In April 1974 Providence told AKF that it did not want to own or operate an out-patient chronic dialysis unit and encouraged AKF to set one up somewhere off the hospital campus. With Dr. Tom Wood’s and Dr. Selden’s strong support and encouragement, the Board agreed to pursue an outpatient dialysis center.

Between April and October, at the direction of the Board, Bob Swartz obtained approval from the Alaska Health Planning Board and Medicare (with some help from the office of Senator Gravel) for a dialysis clinic. He also purchased and re-built a used machine which the VA donated. Alaska Furniture Manufacturing donated four recliners for use by patients while receiving dialysis.

In October 1974, the Alaska Kidney Foundation dialysis unit was opened for business in the basement of the Providence Professional Building with two employees: Bob Swartz, Dialysis Technician, and Chris Swartz, Registered Nurse. Financially, it was touch and go. A $35,000 loan was obtained from the National Bank of Alaska to provide working capital, but only after several AKF Board Members signed the note as personal guarantors. For a period of time, the loan payments were interest only.

In 1975/1976 the AKF dialysis center qualified for an ‘Exception Rate” of reimbursement from Medicare based on Alaska’s higher costs and it was able to re-qualify for this Exception Rate each year.  This rate enabled the Anchorage dialysis unit to operate on a sound financial basis when coupled with sound Board and Management practices.
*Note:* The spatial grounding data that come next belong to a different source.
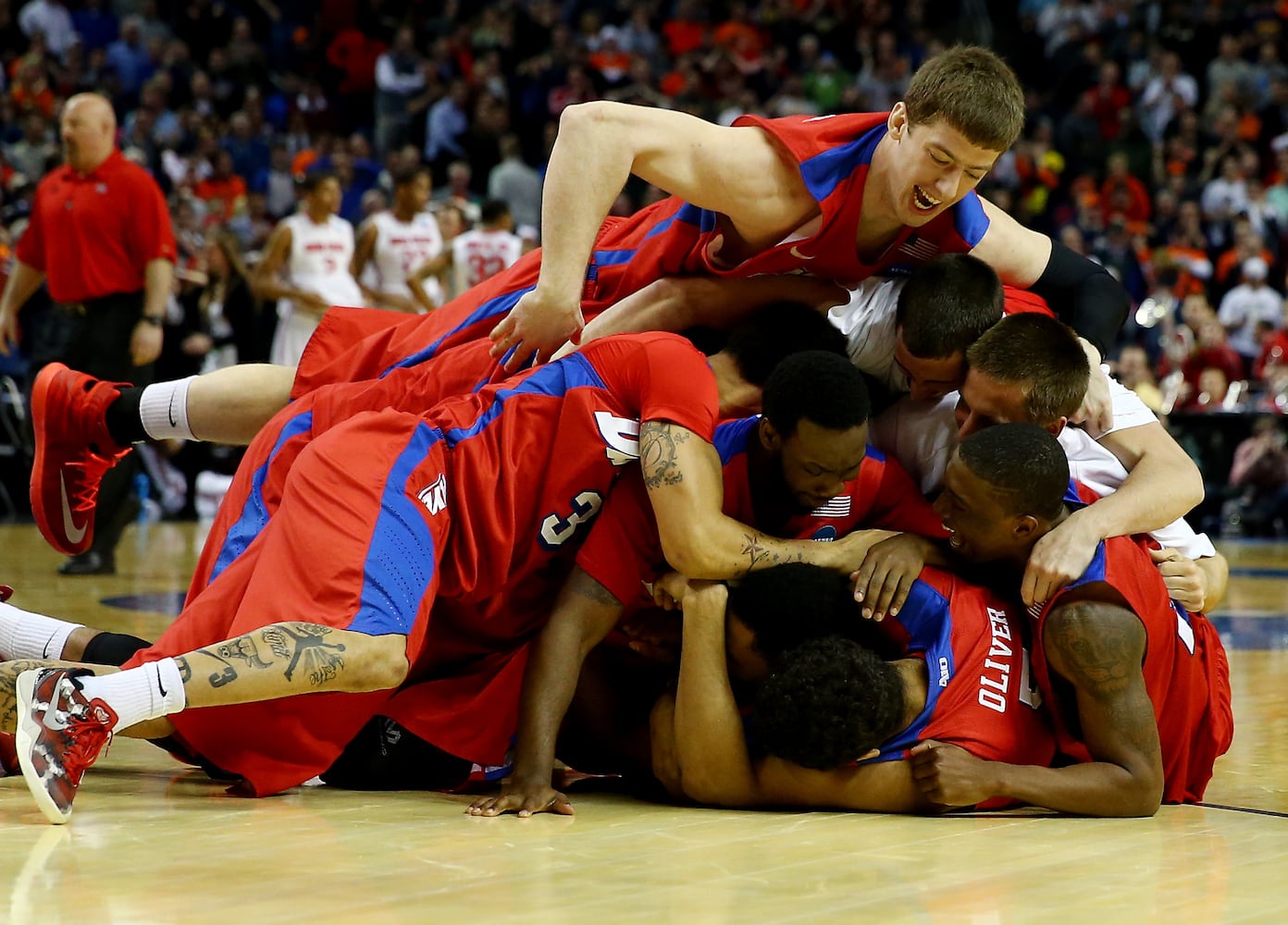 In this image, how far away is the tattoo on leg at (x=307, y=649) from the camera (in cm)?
298

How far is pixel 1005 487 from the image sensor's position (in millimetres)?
3205

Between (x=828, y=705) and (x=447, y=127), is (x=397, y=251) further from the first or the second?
(x=828, y=705)

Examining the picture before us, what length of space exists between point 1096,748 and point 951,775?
330 mm

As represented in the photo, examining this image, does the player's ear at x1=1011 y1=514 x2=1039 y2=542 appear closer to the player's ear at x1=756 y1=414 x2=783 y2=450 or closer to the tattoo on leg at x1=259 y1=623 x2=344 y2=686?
the player's ear at x1=756 y1=414 x2=783 y2=450

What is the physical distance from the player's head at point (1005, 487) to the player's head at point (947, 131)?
66 cm

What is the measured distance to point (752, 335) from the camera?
3678mm

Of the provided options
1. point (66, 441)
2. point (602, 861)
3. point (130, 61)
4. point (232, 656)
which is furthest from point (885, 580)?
point (130, 61)

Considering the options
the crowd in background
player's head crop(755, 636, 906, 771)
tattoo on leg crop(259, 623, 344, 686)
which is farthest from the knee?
the crowd in background

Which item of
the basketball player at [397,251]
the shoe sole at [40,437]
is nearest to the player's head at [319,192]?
the basketball player at [397,251]

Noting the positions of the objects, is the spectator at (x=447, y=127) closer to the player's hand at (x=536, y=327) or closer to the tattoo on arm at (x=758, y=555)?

Between 1974 and 1992 the Anchorage dialysis unit leased space and move numerous times.

1985 Established the Northern Alaska Kidney Center dialysis unit in Fairbanks.

1993 AKF built its own dialysis unit at 4160 Tudor Centre Drive. It had 35 dialysis stations.

In 1998 negotiations began with a for profit dialysis corporation Renal Care Group to purchase and run the Alaska dialysis centers.  The demand for patients needing dialysis in Alaska exceeded the capacity of the not for profit organization to manage the expansion desperately needed across the State.

February, 1999. AKF sold the dialysis units to Renal Care Group. Proceeds from the sale were used to establish AKF as a charitable philanthropic grant making organization.  Foundation leadership included nine Board of Directors, medical advisor and executive director.

March/April 1999 Bob Swartz retires as Director and moves to Bremerton, WA. Bob Harvey serves as Interim Director.  Blythe Campbell and Suzanne Goodrich have also served as Executive Director.

01 January, 2004: The IRS ruled that AKF is a private foundation within the meaning of section 509(a) of the Code.

Since obtaining its private Foundation status in 2004 AKF has awarded grant funds to charitable kidney and related health organizations that meet seven AKF goals including grants for emergency relief for dialysis patients and transplant patients, promoting organ donations, early kidney disease screening, patient education and support, kidney disease prevention education, professional education and research.